Old Age & Conversations

The older I get the more I understand the saying, “Growing old is not for the weak.” I’m also starting to understand why the older you get the more you talk to yourself. I think the two go hand in hand.

Although I’m not necessarily in what most adults would classify as the “Ancient” category, with every passing year I have to try a little harder just to get up in the mornings. While most of the times I’d like to attribute it to not getting a good night’s sleep, the cold brutal honesty is that things just aren’t as easy as they used to be because I’m getting older.

A few years back, and I won’t say how many years because I don’t want to remember, I started the habit of getting up every morning at 4am and jogging a couple of miles. I say habit, because it turned into something that I did without fail and without too much effort. I kept it up for at least five years.

The early morning hours were the perfect time to jog. There wasn’t any traffic on the quiet country roads and the stars were usually brilliant at that time of the morning. Another perk was that I never had to worry about anyone seeing me.

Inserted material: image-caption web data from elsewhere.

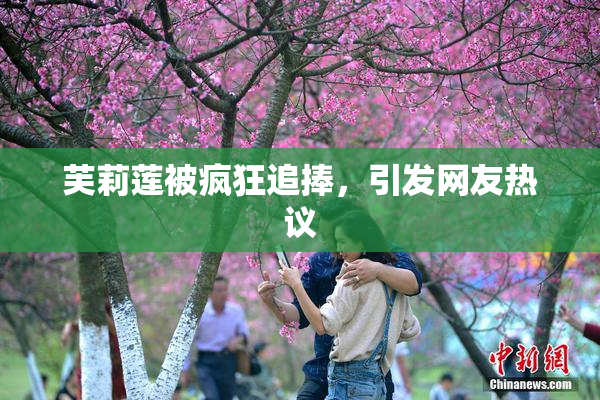 芙莉莲被疯狂追捧，引发网友热议
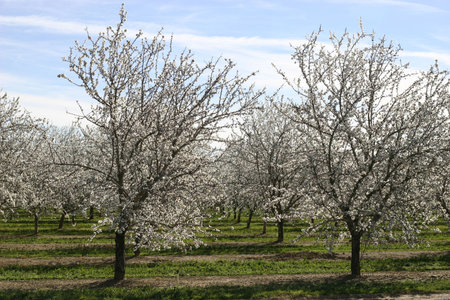 Prunus dulcis, flowering nonpareil almond treesの写真素材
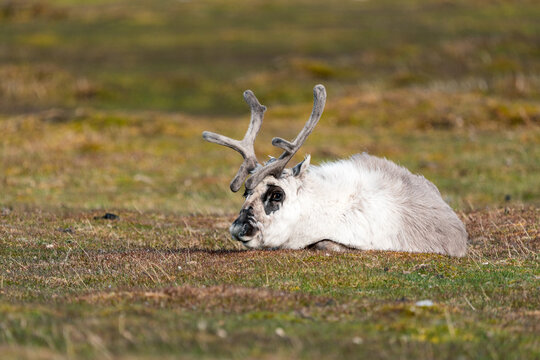 View of a Svalbard reindeer resting on the arctic tundra with its antlers in velvet at Varsolbukta, Svalbard, Svalbard and Jan Mayen.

I kept up the routine regardless of the weather, how tired I felt,or anything else. It wasn’t until tendonitis set in, then pulled muscles that I started backing off from my morning trips. When the police stopped to ask if I’d seen a murder suspect that was the last straw and I quit.

In the following years, I tried to find other ways to get in some extra cardio but they all failed after a while. I spent a lot of money on gym memberships, DVDs, and exercise equipment but none of that could compare to being a mile out and having to at least walk back to get back home.

Several weeks ago I decided to try picking up my old jogging routine again. It’s amazing the arguments that can go through your head when you make a decision to do something that requires some effort. And in typical aging fashion, those arguments are much stronger than they used to be.

A few mornings later it was 19 degrees and spitting snow. My tendonitis was flaring up, I only got 6 hours of sleep and I was tired. All valid points, especially when you’re lying in a warm bed and your eyelids are heavy.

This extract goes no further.